- _TASK REQUIREMENTS_
As an exercise in exact copying, transcribe the lines below from the one holding "NEW LULULEMON Cashmere" through the last, with both ends included and pictures left out.

- _EXERCISE INPUTS_
-----
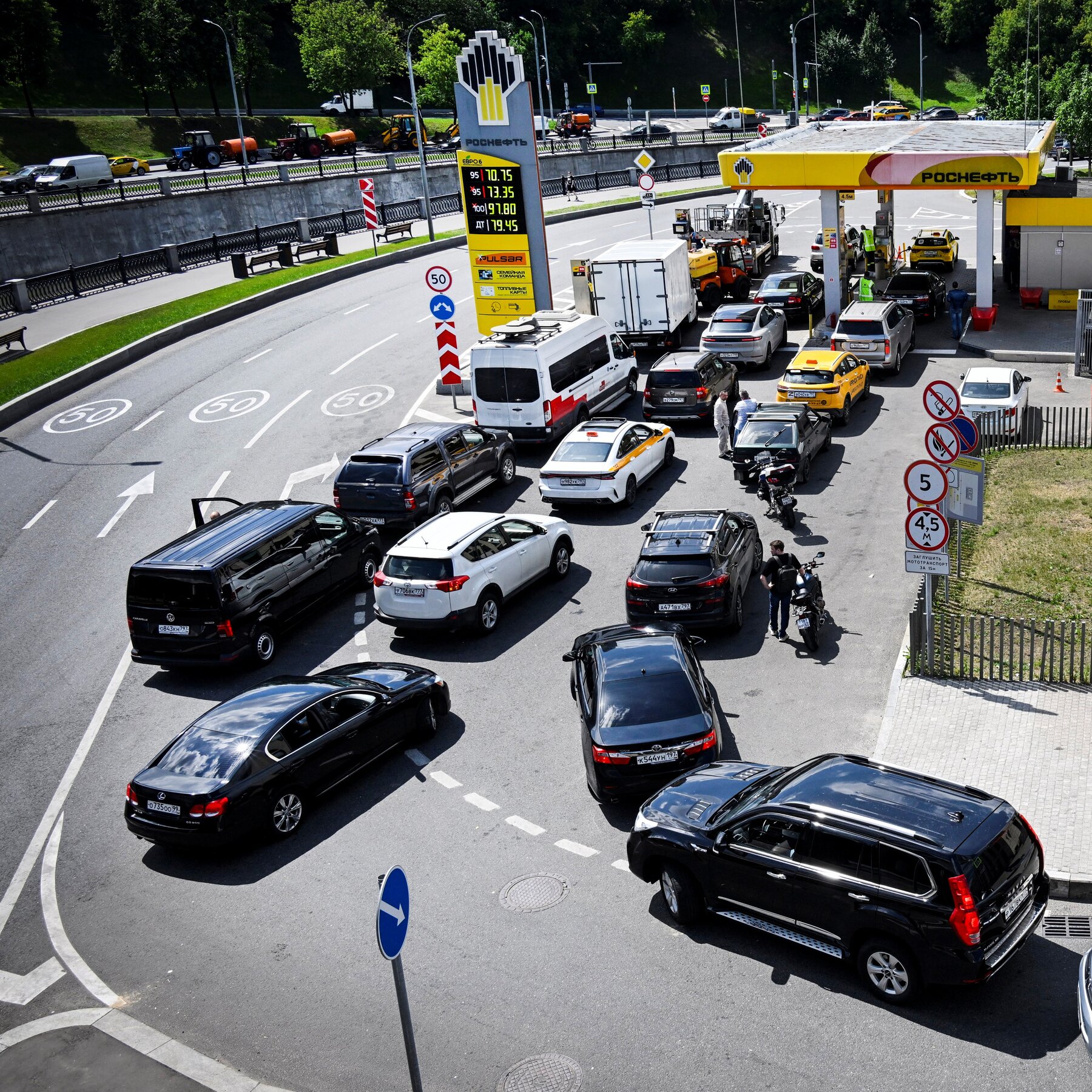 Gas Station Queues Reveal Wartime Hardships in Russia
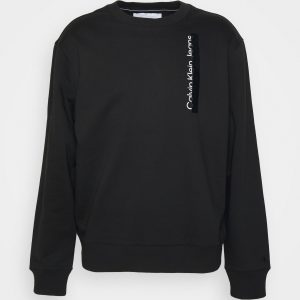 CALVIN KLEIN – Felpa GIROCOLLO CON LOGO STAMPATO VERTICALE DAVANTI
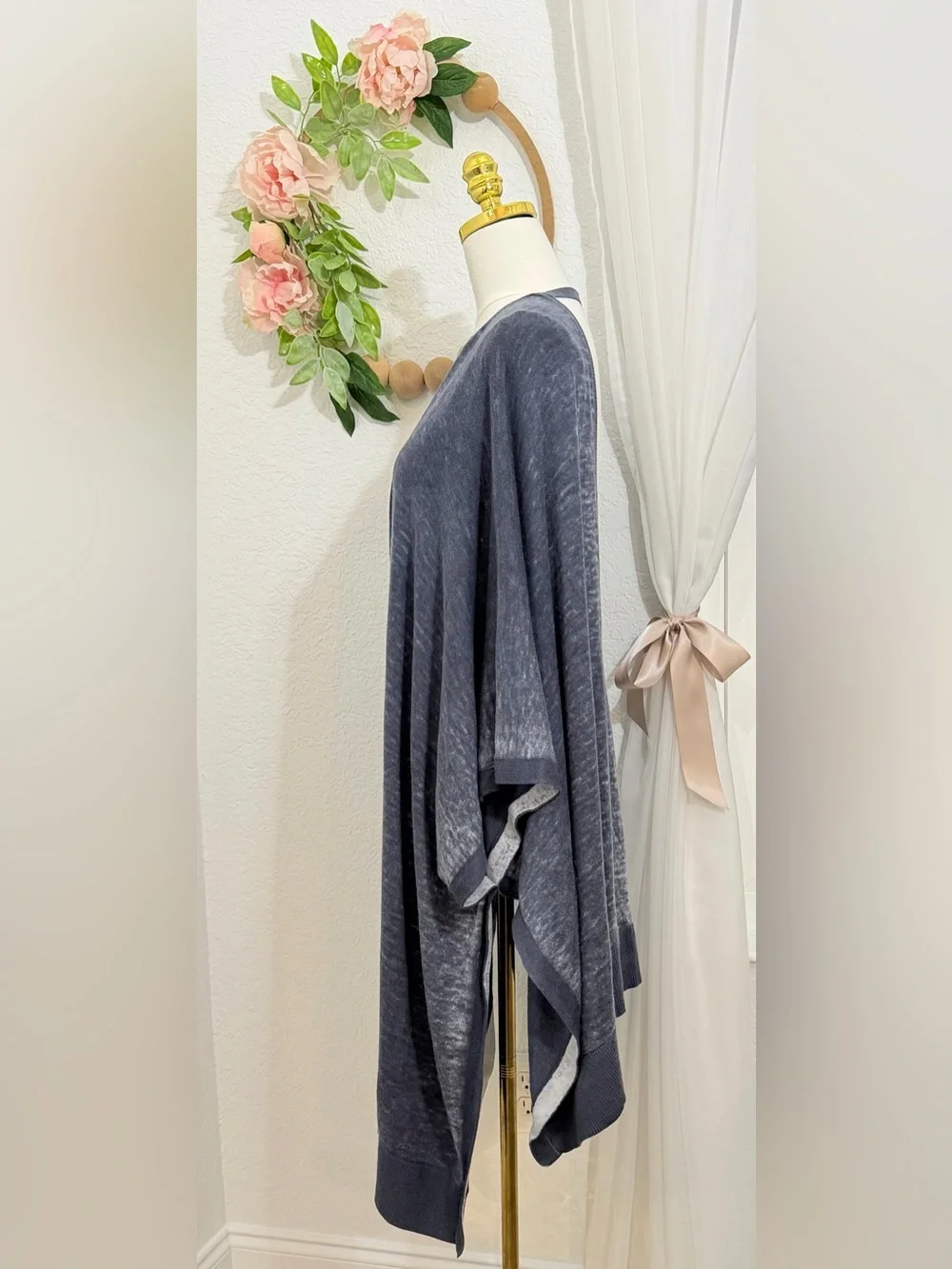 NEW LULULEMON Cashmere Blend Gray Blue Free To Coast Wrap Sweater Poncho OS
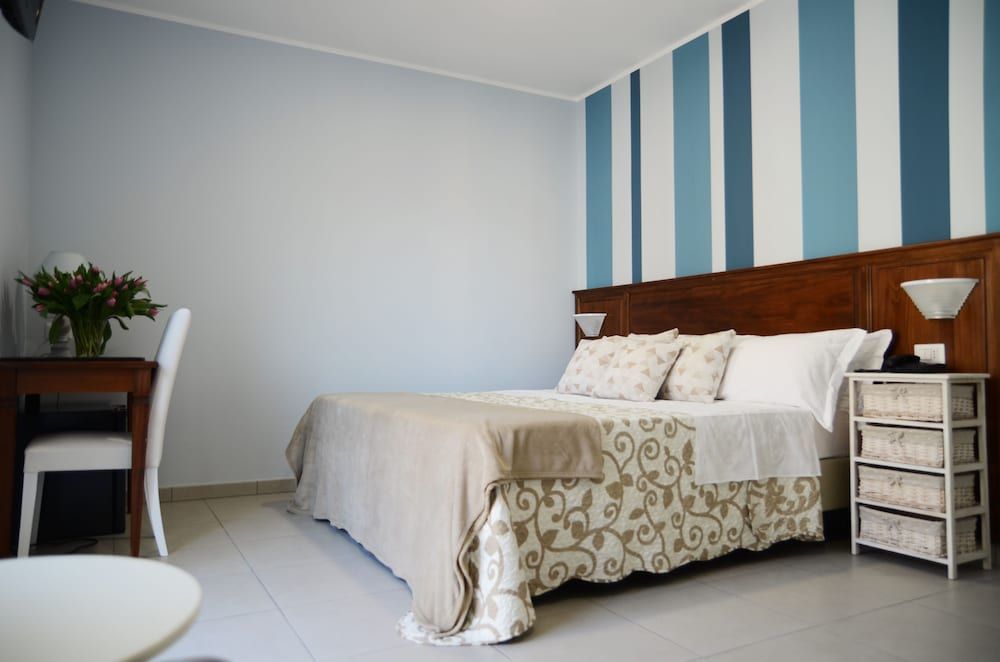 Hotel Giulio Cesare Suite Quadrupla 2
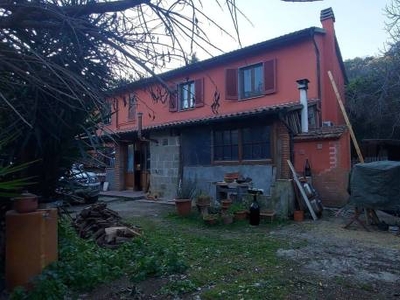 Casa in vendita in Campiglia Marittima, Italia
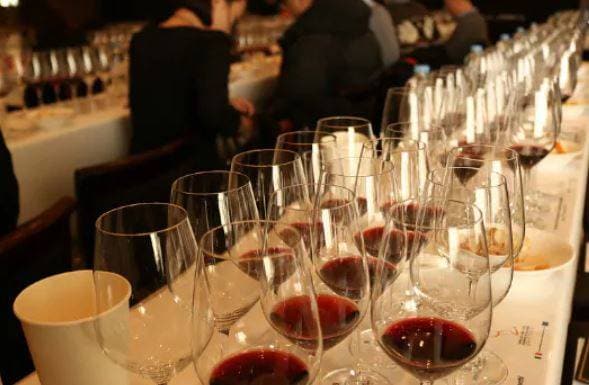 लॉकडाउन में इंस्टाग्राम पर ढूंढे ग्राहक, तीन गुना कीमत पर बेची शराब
-----
- _SOLVED PROBLEM_
 NEW LULULEMON Cashmere Blend Gray Blue Free To Coast Wrap Sweater Poncho OS
 Hotel Giulio Cesare Suite Quadrupla 2
 Casa in vendita in Campiglia Marittima, Italia
 लॉकडाउन में इंस्टाग्राम पर ढूंढे ग्राहक, तीन गुना कीमत पर बेची शराब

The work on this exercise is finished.